Extracted records
◆ ◆ ◆ ◆ ◆

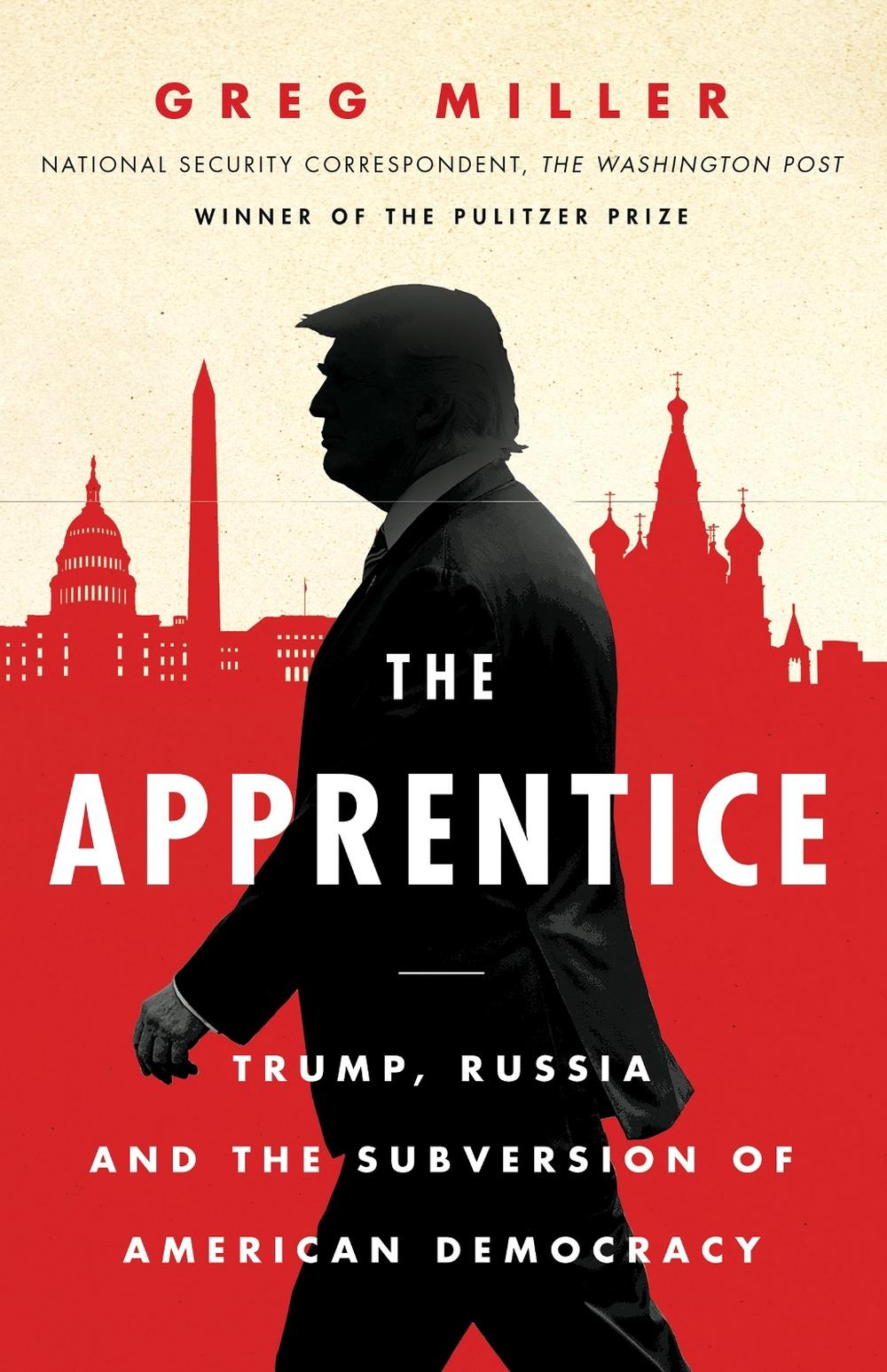 The Apprentice, 9780008325787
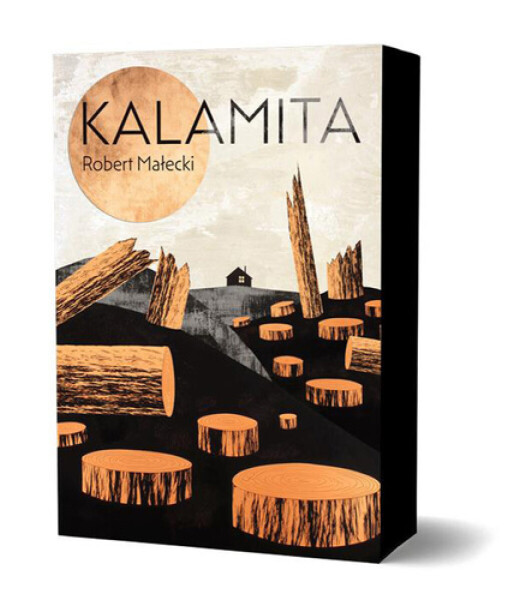 Kalamita - Robert Małecki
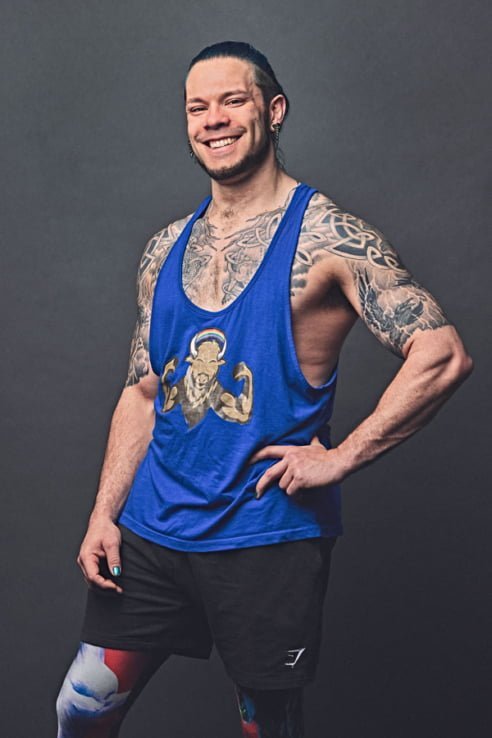 Jakob Kamper Commando Temple Coach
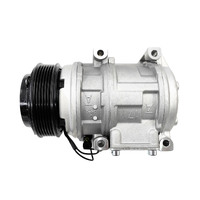 AC Compressor Fit For LDV G10 Diesel 1.9 SV7A SV7C Wagon Van 04/2015-06/2021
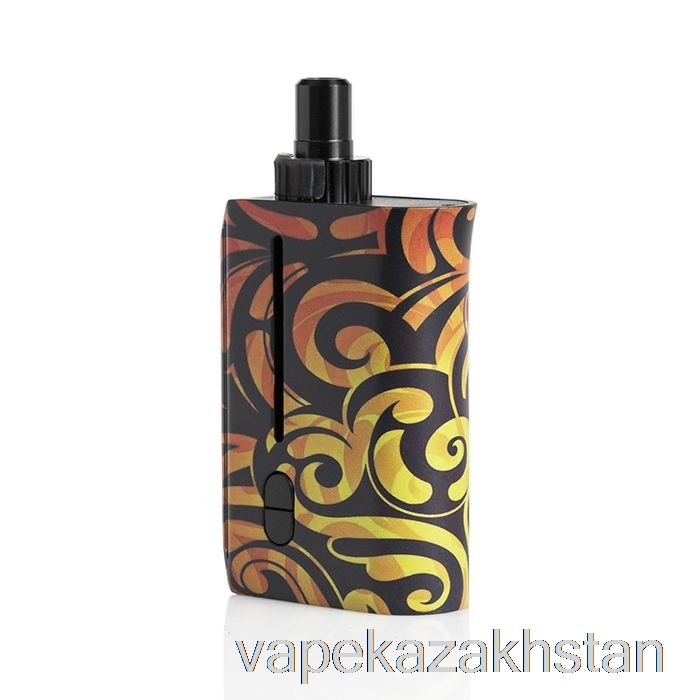 Vape Disposable Squid Industries SQUAD 30W Pod System Sub-Ohm Tank - Inferno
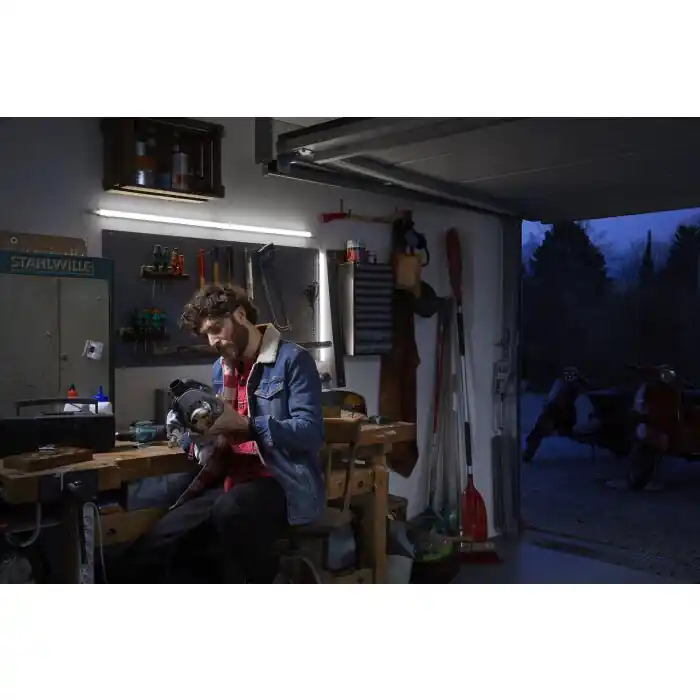 Express Levering LEDVANCE SWITCH BATTEN Onderbouw verlichting Wit, 1-licht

◆ ◆ ◆ ◆ ◆

→ Work item
Copy exactly, and only, the lines running from the one containing "AC Compressor Fit" through the final line of the data, and omit the pictures.

→ Result of the task
 AC Compressor Fit For LDV G10 Diesel 1.9 SV7A SV7C Wagon Van 04/2015-06/2021
 Vape Disposable Squid Industries SQUAD 30W Pod System Sub-Ohm Tank - Inferno
 Express Levering LEDVANCE SWITCH BATTEN Onderbouw verlichting Wit, 1-licht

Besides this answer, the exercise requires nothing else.